• **TASK DIRECTIONS**
Among the entries below, only the lines from the one with "Aerial View of" through the one with "Framed Print : Chain" are to be retyped, exactly and without pictures.

• **EXTRACTED INFORMATION**
################

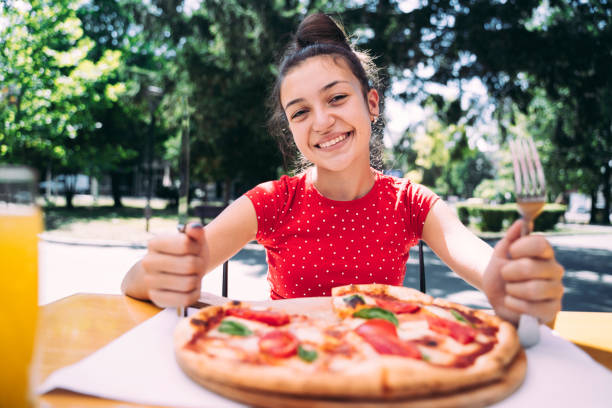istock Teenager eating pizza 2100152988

################

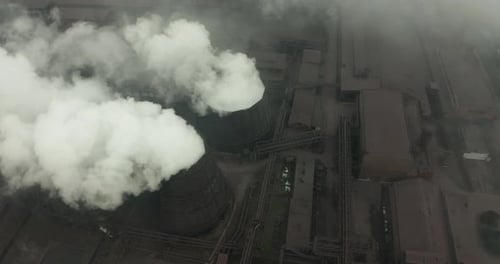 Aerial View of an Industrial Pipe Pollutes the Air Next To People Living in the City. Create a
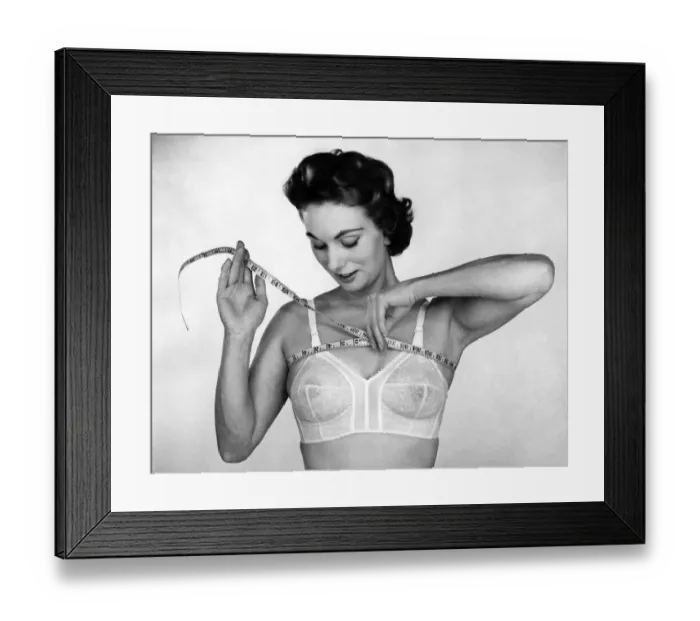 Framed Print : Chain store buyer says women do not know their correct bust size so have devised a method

################

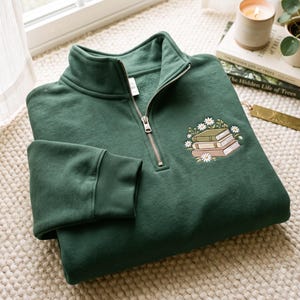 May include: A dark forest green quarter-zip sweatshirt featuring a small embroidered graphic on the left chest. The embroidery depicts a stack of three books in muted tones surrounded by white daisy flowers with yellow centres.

################

• **YOUR RESPONSE**
 Aerial View of an Industrial Pipe Pollutes the Air Next To People Living in the City. Create a
 Framed Print : Chain store buyer says women do not know their correct bust size so have devised a method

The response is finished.